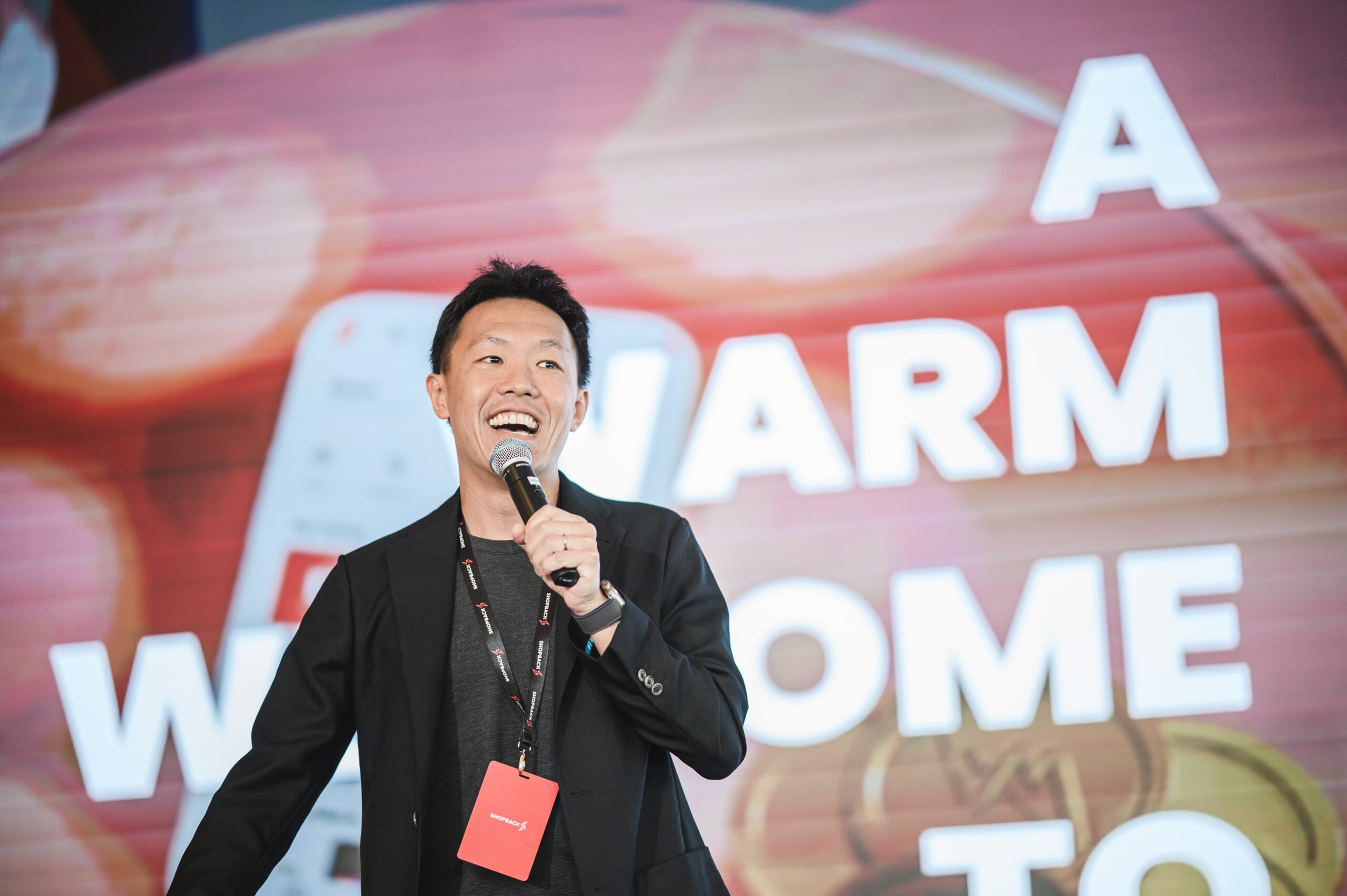 Henry Chan, founder of ShopBack, speaking on stage at a company event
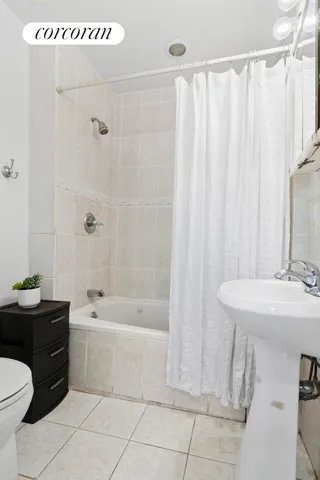 a bathroom with a sink a toilet and a bathtub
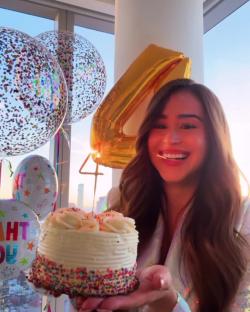 Woman holding a birthday cake with a sparkler.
▬▬▬▬▬▬
**THE TASK**
Your task is to restate word for word the lines from the one containing "a bathroom with" through the last line of the data, both ends included, with no pictures.

**RESULT BELOW**
 a bathroom with a sink a toilet and a bathtub
 Woman holding a birthday cake with a sparkler.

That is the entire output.